▸ Work order: Below are records to give again exactly; omit each image they contain.

▸ Dataset records:
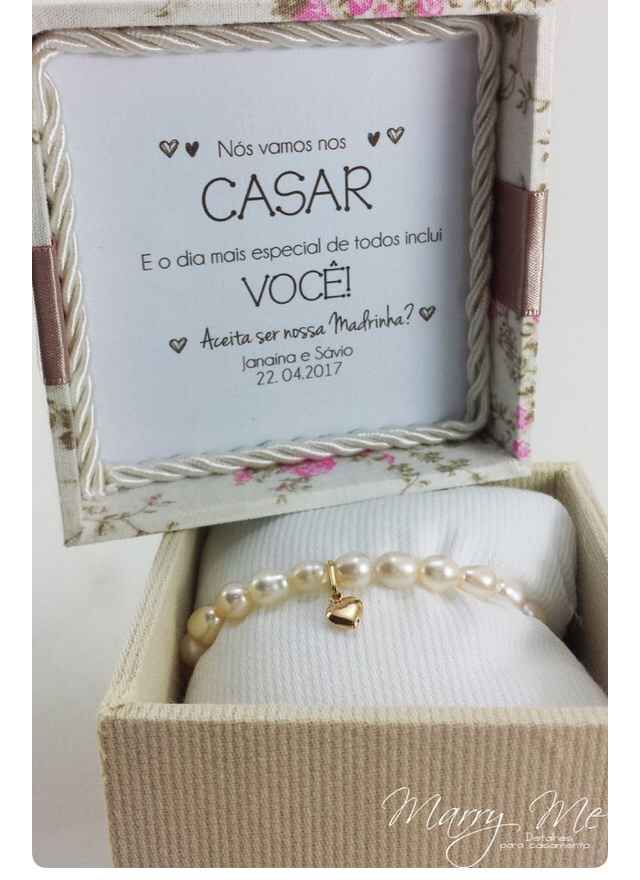  Convites padrinhos - 1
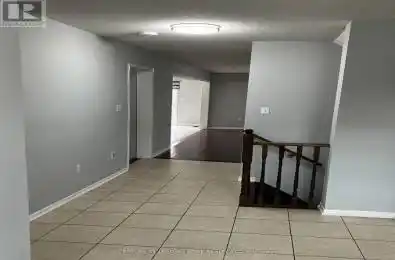 6 Oklahoma Drive Brampton (Bram East) Ontario L6P3L8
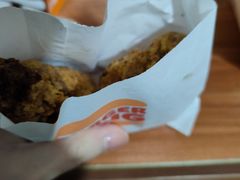 王道川蜀鸡翅-汉堡王(下沙银泰店)
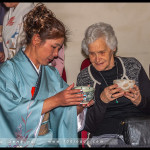 Winter Tea Gathering, Chakai, Japanese Tea Ceremony, RBG, 2016, Sydney, Australia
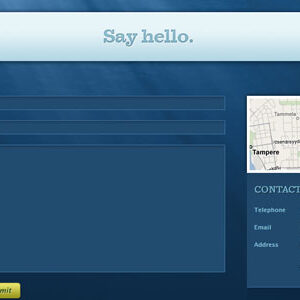 formulario de contacto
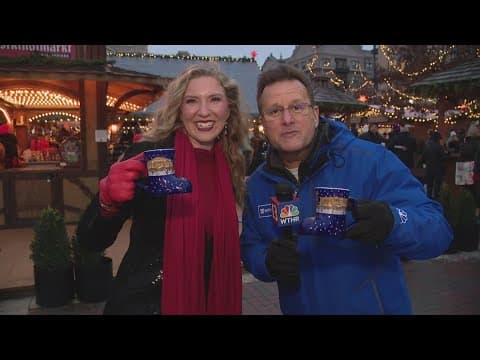 Carmel Christkindlmarkt | Good News with Dave Calabro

▸ Solution below:
  Convites padrinhos - 1
 6 Oklahoma Drive Brampton (Bram East) Ontario L6P3L8
 王道川蜀鸡翅-汉堡王(下沙银泰店)
 Winter Tea Gathering, Chakai, Japanese Tea Ceremony, RBG, 2016, Sydney, Australia
 formulario de contacto
 Carmel Christkindlmarkt | Good News with Dave Calabro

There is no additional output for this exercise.